In the code mentioned below sum1 variable is getting 46 as the answer when operators precedence left to right.But in sum2 answer is getting as 48 and it's precedence is right to left. Why those answers are getting different.
#include <stdio.h>
int func(int *k){
*k+=4;
return 3 * (*k)-1;
}
void main() {
int i = 10, j = 10, sum1, sum2;
sum1 = (i / 2) + func(&i);
sum2 = func(&j)+(j/2);
printf("%d\n",sum1);
printf("%d",sum2);
}
In the expression (i / 2) + func(&i), the compiler (or the C implementation generally) is free to evaluate either i / 2 first or func(&i) first. Similarly, in func(&j) + (j/2), the compiler is free to evaluate func(&j) or j/2 first.
Precedence is irrelevant. Precedence tells us how an expression is structured, but it does not fully determine the order in which it is evaluated. Precedence tells us that, in a * b + c * d, the structure must be (a * b) + (c * d). In a + b + c, precedence, in the form of left-to-right association for +, tells us the structure must be (a + b) + c. It does not tell that a must be evaluated before c. For example, in a() + b() + c(), the structure is (a() + b()) + c(), but the compiler may call the functions in any order, holding their results in temporary registers if needed, and then add the results.
In func(&j)+(j/2), there is no right-to-left precedence or association. No rule in the C standard says j/2 must be evaluated before func(&j).
A compiler might tend to evaluate subexpressions from left to right, in the absence of other constraints. However, various factors may alter that. For example, if one subexpression appears multiple times, the compiler might evaluate it early and retain its value for reuse. Essentially, the compiler builds a tree structure describing the expressions it needs to evaluate and then seeks optimal ways to evaluate them. It does not necessarily proceed left to right, and you cannot rely on any particular evaluation order.
The C standard has a rule, in C 2018 6.5 2, that says if a modification to an object, as occurs to i in the statement *k+=4;, is unsequenced relative to a value computation using the same object, as occurs for i in i / 2, then the behavior is undefined. However, this problem does not occur in this code because the modification and the value computation are indeterminately sequenced, not unsequenced: 6.5.2.2 10 says “… Every evaluation in the calling function (including other function calls) that is not otherwise specifically sequenced before or after the execution of the body of the called function is indeterminately sequenced with respect to execution of the called function.” C 5.1.2.3 3 says “… Evaluations A and B are indeterminately sequenced when A is sequenced either before or after B, but it is unspecified which…”

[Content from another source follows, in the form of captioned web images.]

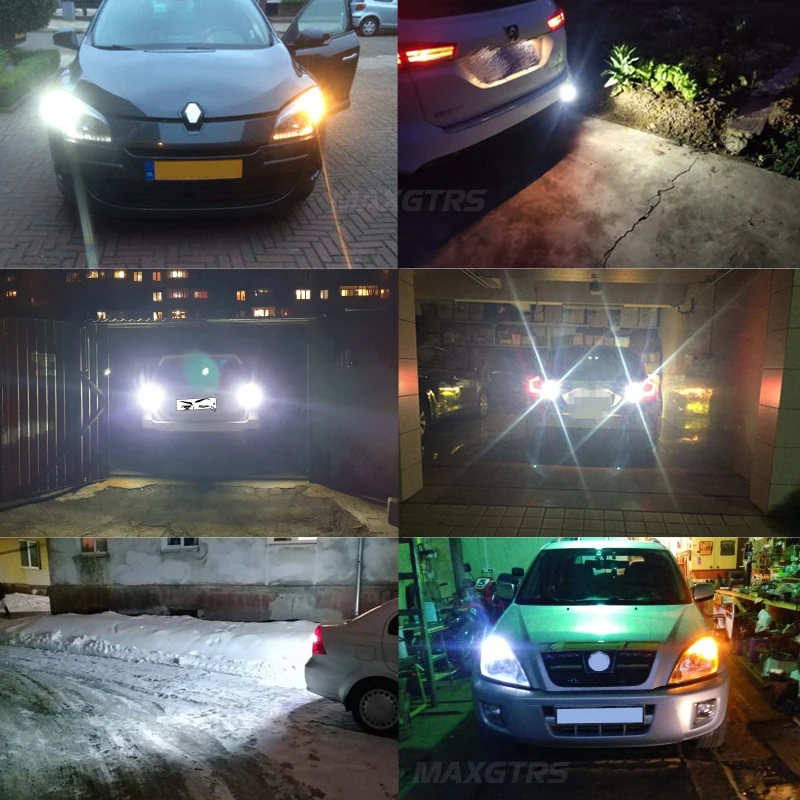 

2x CREE Chip XBD 50W T15 W16W 921 912 LED Backup Light 12V 24V Car Reversing Bulb Backup Light Turn Signal Light Brake Lamp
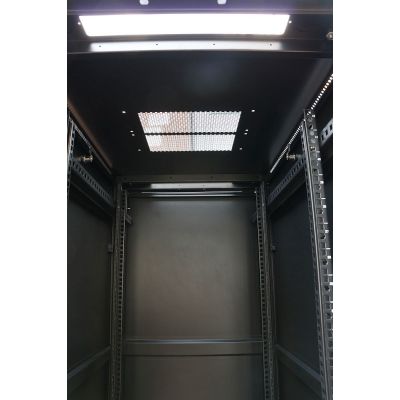 6. Extralink Rack-Schrank 42U 600x800 Schwarz Standgerät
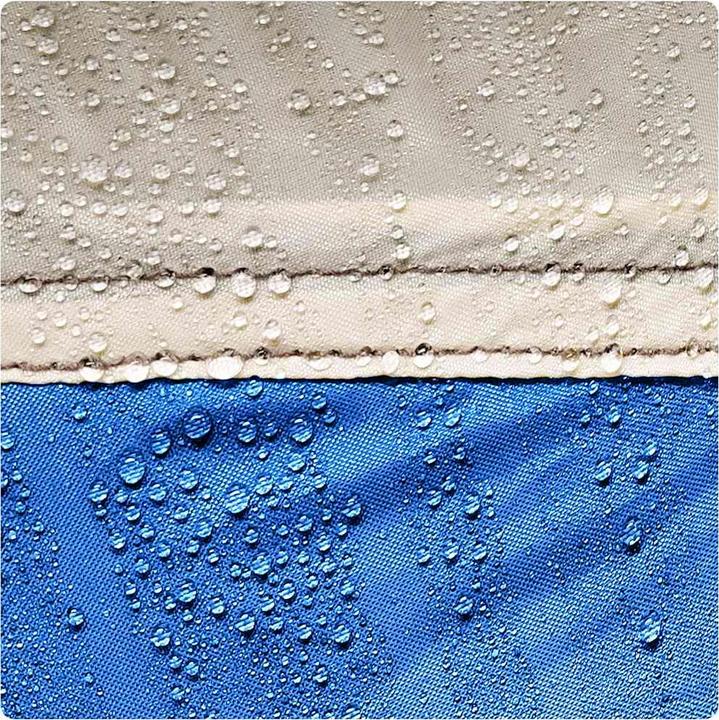 Immagine prodotto VidaXL Tenda da spiaggia 2 persone a sgancio rapido impermeabile (tenda da spiaggia, 2.20 kg, 2 persone)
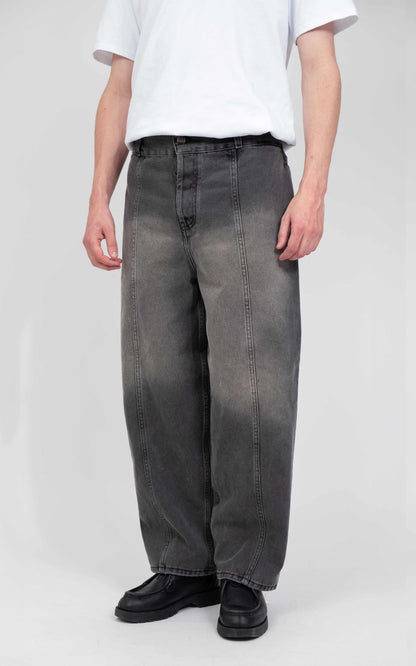 LE PANTALON METRO NOIR USED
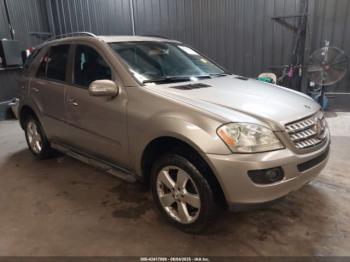  Salvage Mercedes-Benz M-Class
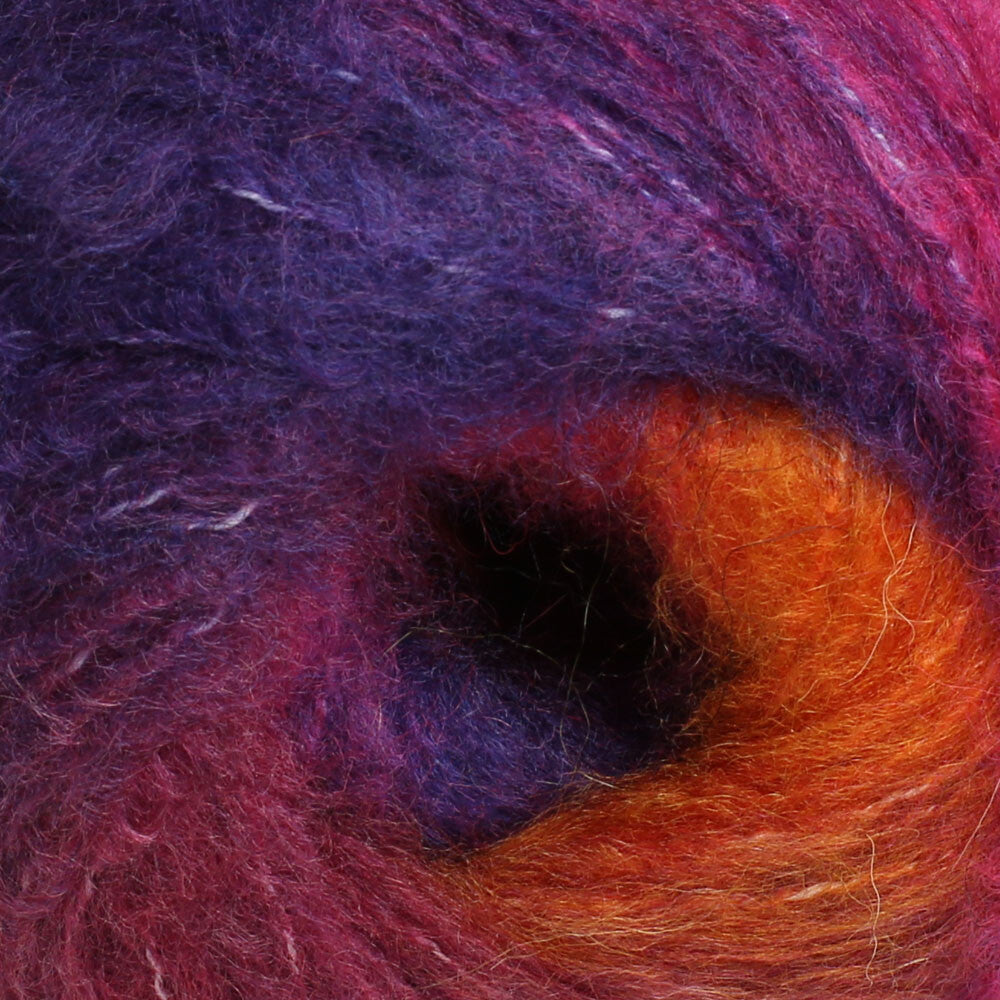 Yarnart Bellissimo Yarn, Variegated - 1415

The program has undefined behavior because the order of evaluation of operands in an additive operator is unspecified and such evaluations of operands are unsequenced.

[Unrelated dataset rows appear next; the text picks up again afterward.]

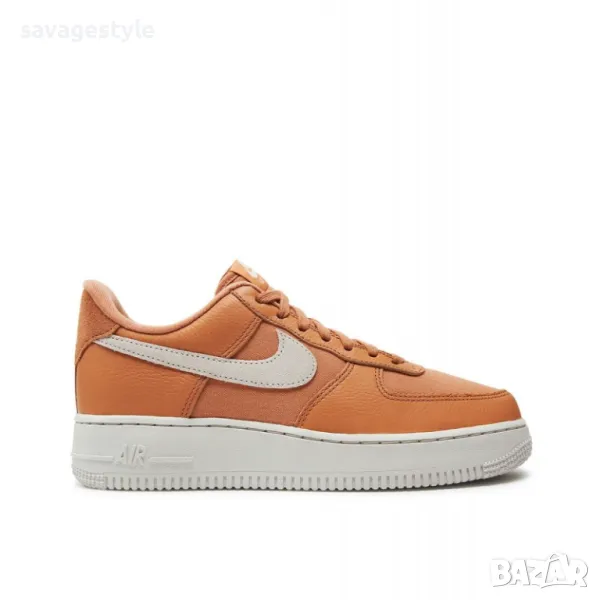 Мъжки маратонки NIKE Air Force 1 Low Shoes Amber Brown, снимка 1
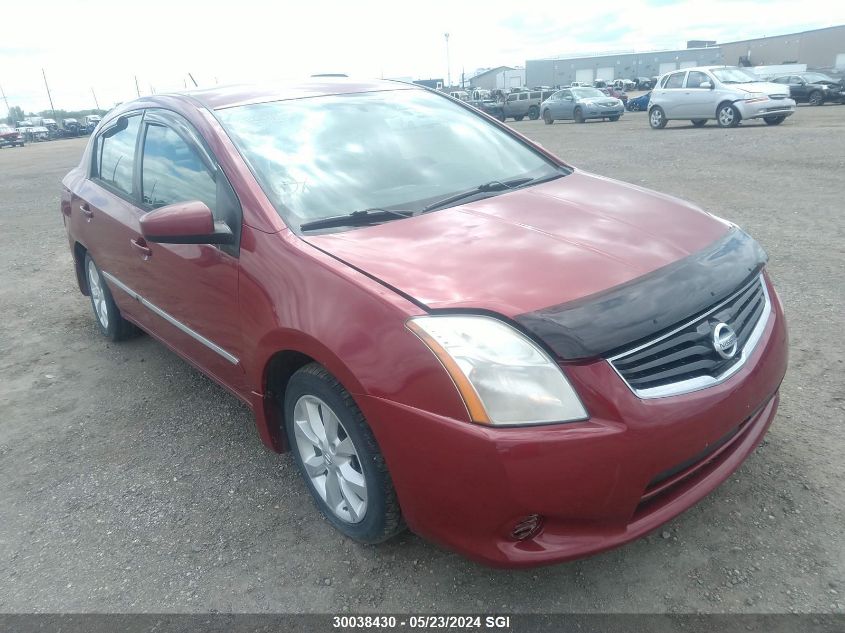 2010 Nissan Sentra 2.0/2.0S/Sr/2.0Sl VIN: 3N1AB6AP5AL691224 Lot: 30038430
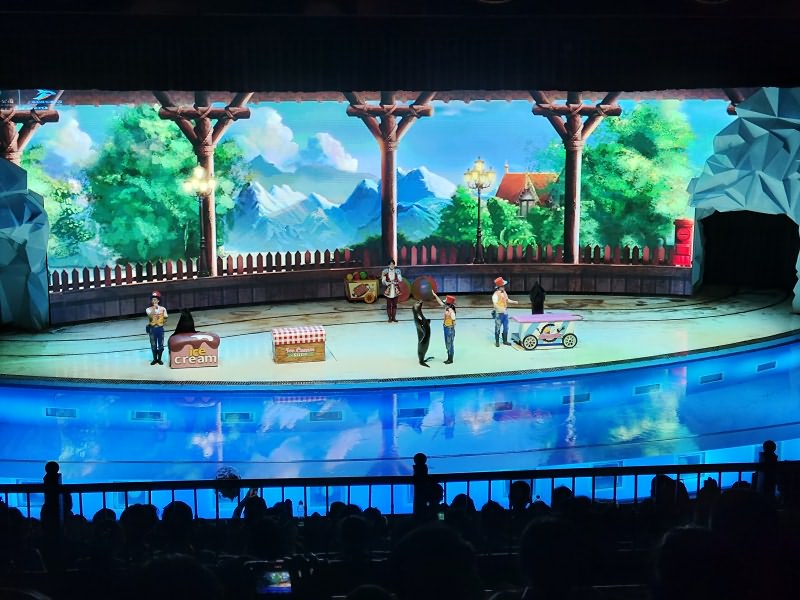 海狮哈哈秀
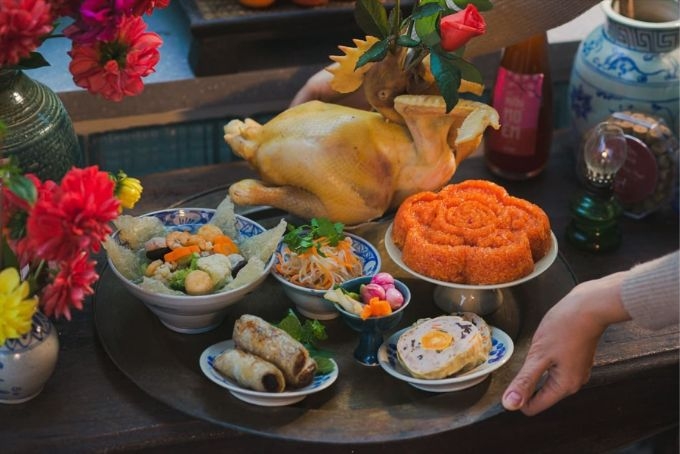 mam com cung ram cac mon man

Pay attention to that within the assignment expression the variables i and j are being changed and these changes are not sequenced. Either i / 2 or j / 2 can be evaluated before the function call or vice versa.
The & preceding the variable name (&i or &j) is sending a pointer meaning that any changes to the variable are saved. In this case, the func call takes a variable and adds 4 to it then returns some value based on that variable. The function still changed the variable's value and since the equation is being processed left to right, each subsequent use of the variable has that change reflected.
sum1 = (i/2) +func(&i) (where i = 10)
--> sum1 = 5 + func(&i)
--> sum1 = 5 + 41 (and now i = 14)
sum2 = func(&j) + (j/2) (where j = 10)
--> sum2 = 41 + (j/2) (and now j = 14)
--> sum2 = 41 + 7